# Task
Scan the material and copy out each line where the word "Black" occurs.

# Data shown

++++++++++

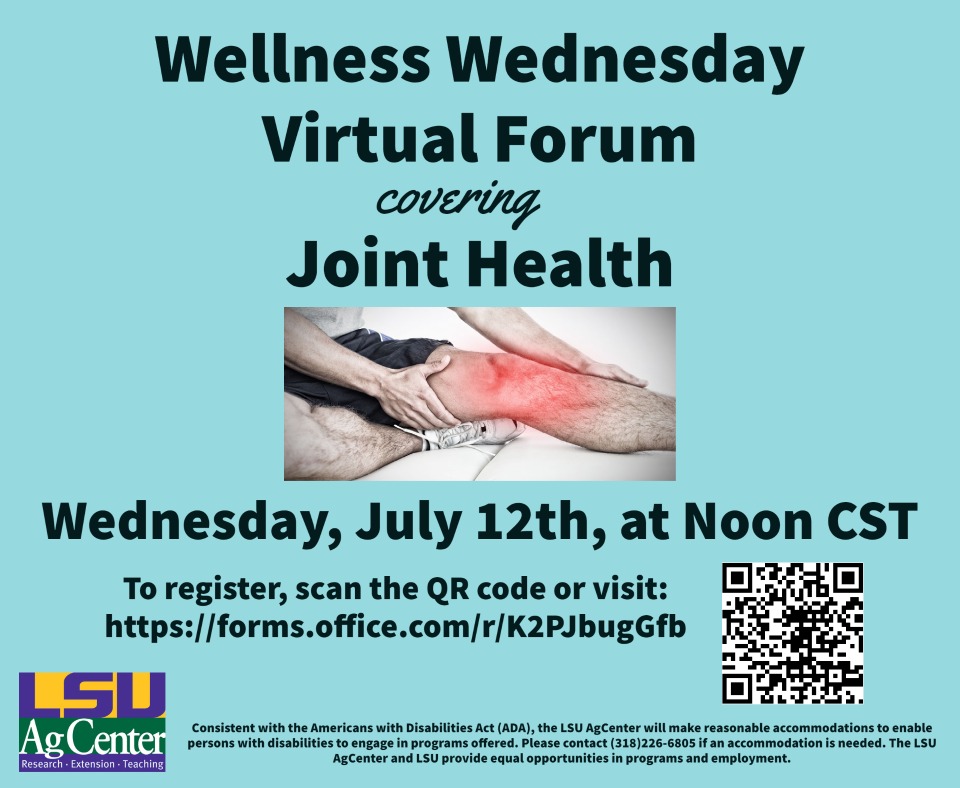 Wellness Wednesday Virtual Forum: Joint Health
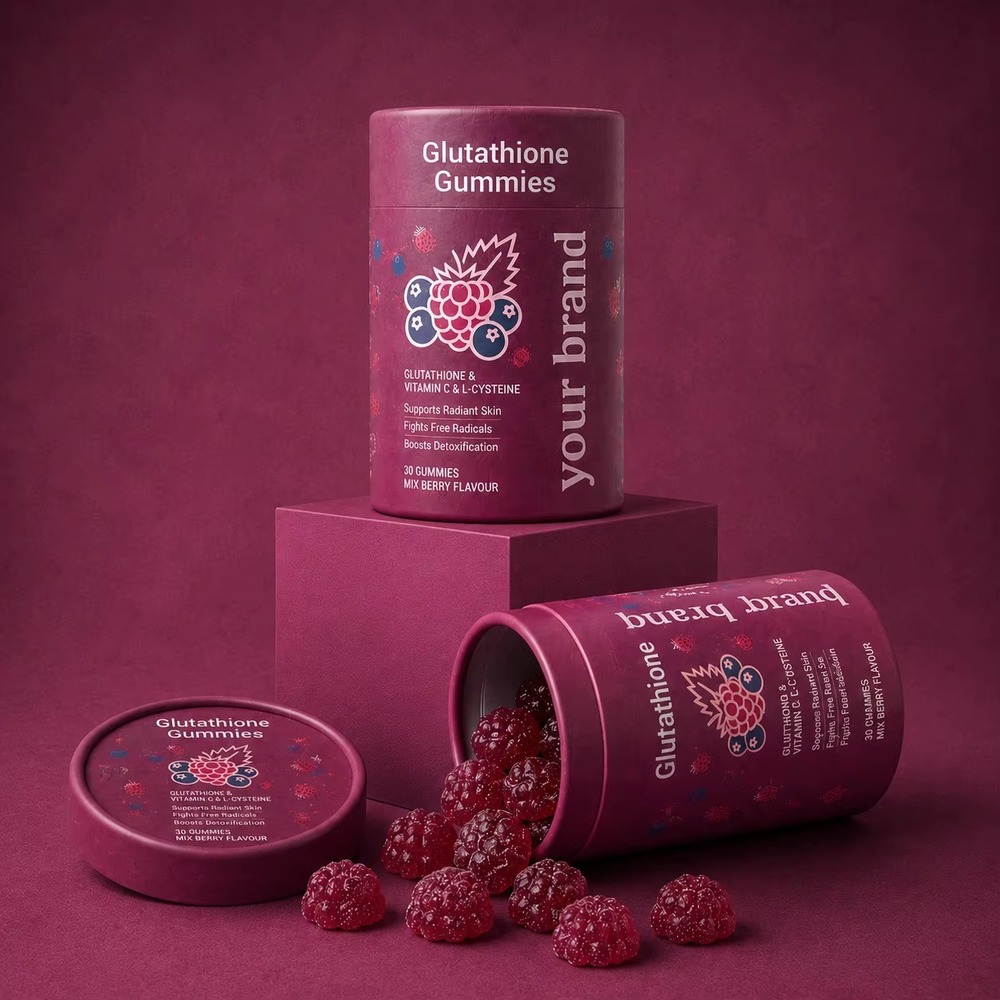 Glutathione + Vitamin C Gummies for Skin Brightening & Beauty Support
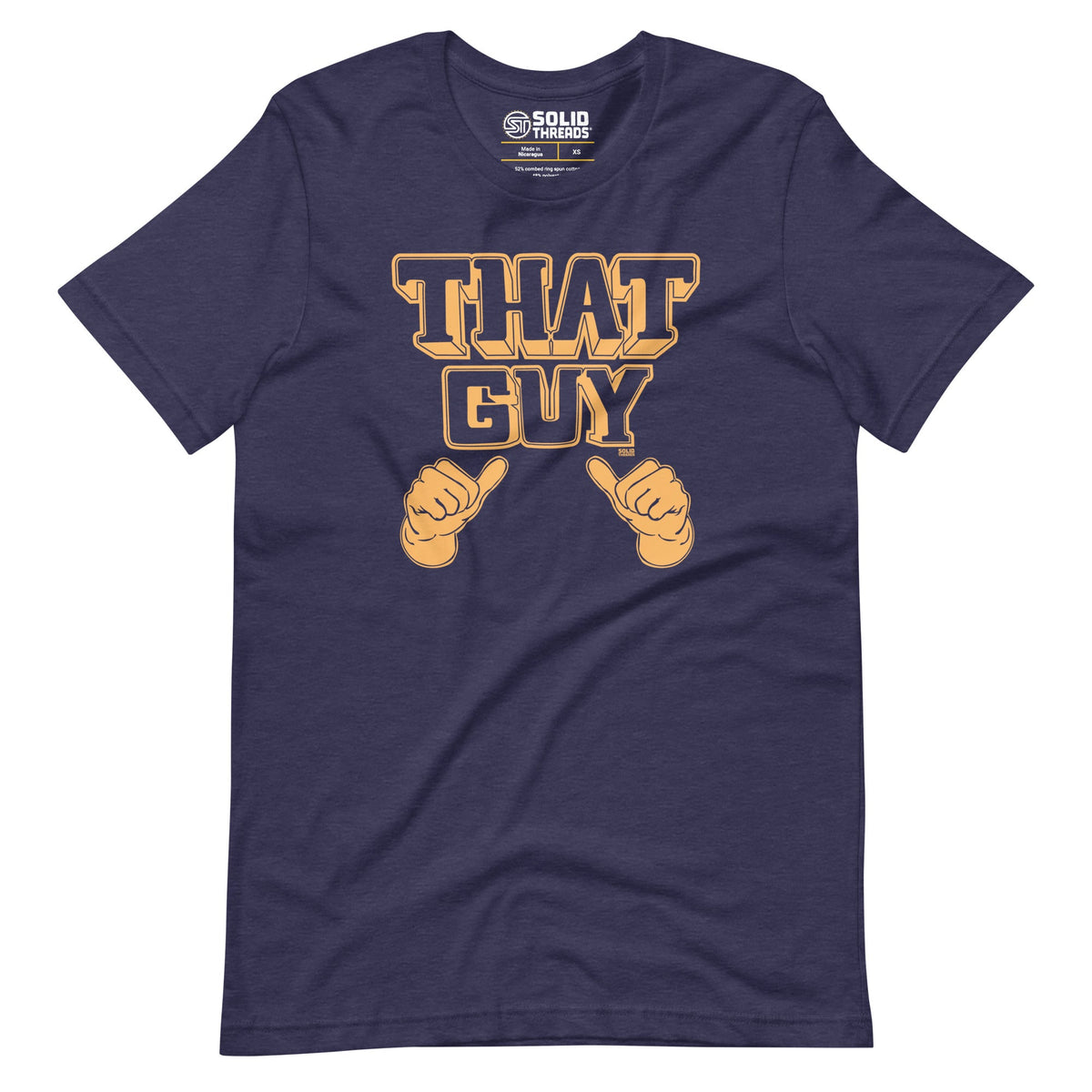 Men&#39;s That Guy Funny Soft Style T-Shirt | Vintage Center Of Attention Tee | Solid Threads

++++++++++

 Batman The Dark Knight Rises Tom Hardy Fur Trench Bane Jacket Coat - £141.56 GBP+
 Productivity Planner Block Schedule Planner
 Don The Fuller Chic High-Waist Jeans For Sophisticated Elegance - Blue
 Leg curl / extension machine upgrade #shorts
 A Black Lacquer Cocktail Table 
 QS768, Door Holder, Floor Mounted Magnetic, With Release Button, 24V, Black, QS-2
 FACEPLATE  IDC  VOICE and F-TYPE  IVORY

++++++++++

# Answer to the exercise
 A Black Lacquer Cocktail Table 
 QS768, Door Holder, Floor Mounted Magnetic, With Release Button, 24V, Black, QS-2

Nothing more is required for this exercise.